Economics is generally considered a soft science, as opposed to physics or chemistry, which are hard scientists. Hard, not because difficult, although they are, but because they are
characterized as relying on quantifiable empirical data, relying on the scientific method, and focusing on accuracy and objectivity.
Whereas soft sciences, like psychology, sociology, anthropology and economics do not. They are characterized by superstitions, lies, circular reasoning, academic quackery, political correctness, and brain farts. (Although I may be mistaken about this.)
So it should come as no surprise that Wall Street traders, who are to economists what phrenologists are to really smart phrenologists, should turn to astrologers to help them earn a paycheck:
Financial astrologers like Karen Starich say traders know they’re up against a lot of rich, smart people.
“They want to have that edge,” she says. “They want to know what the future is.”
Starich chargest $237 annually for her newsletter, which 300 traders subscribe to for news of what will happen to the stock prices of companies, or even bigger, to the Federal Reserve. She sees dark times ahead in the Fed’s horoscope.
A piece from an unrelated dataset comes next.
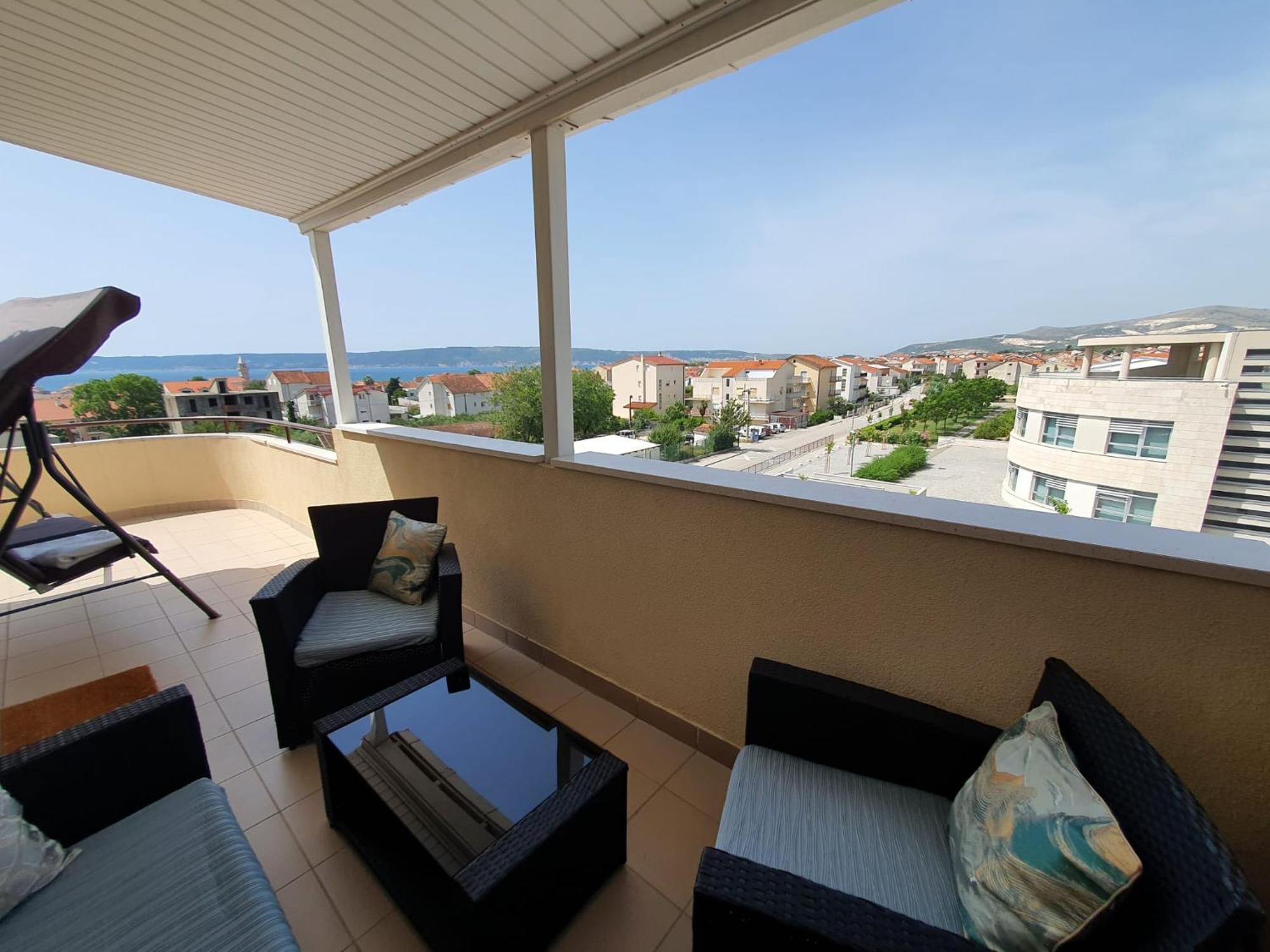 Vista Apartment-Split Airport Каштела Экстерьер фото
“They now have Saturn squared to Neptune, which is really bankruptcy,” Starich explains.
Neptune represents money. But when Saturn shows up in a chart, it indicates restriction. So for the Fed, that means the “fiscal cliff is here, and there’s no place to go except to print more money or unravel these financial institutions,” Starich says.
Of course, a lot of Wall Street traders, and others, don’t want it to be known that they’re relying on anything other than their own talent. Arch Crawford, a financial astrologer who actually got his start on Wall Street as a stock analyst at Merrill Lynch, recalls one subscriber asking for his newsletter in “brown paper wrappers.”
Crawford warns his 2,000 subscribers particularly against the dangers of Mercury in retrograde—
I’m sorry, I couldn’t even finish the quote…
Astrology plagued the church — both clergy and laity — for centuries. Philip Melanchthon’s obsession with it drove Luther batty:
No one will persuade me, neither Paul nor an angel from heaven, nor even Melanchthon, to believe in the predictions of astrology, which are mistaken so many times that nothing is more unreliable.
Is it worth expending even the electricity to express the contempt with which I hold astrology? That someone would pay even one thin drachma to consult one of these frauds is itself a sign of both Original Sin and Original Stupidity. Obviously, the fall from grace resulted in dented noggins.
The OT prohibition against consulting mediums was intended to warn against trafficking in dark forces. But some prohibitions I’m convinced were just to keep people from looking like total morons, as if God were saying, “Please stop making me look bad. Sin can be forgiven but stupid is forever.”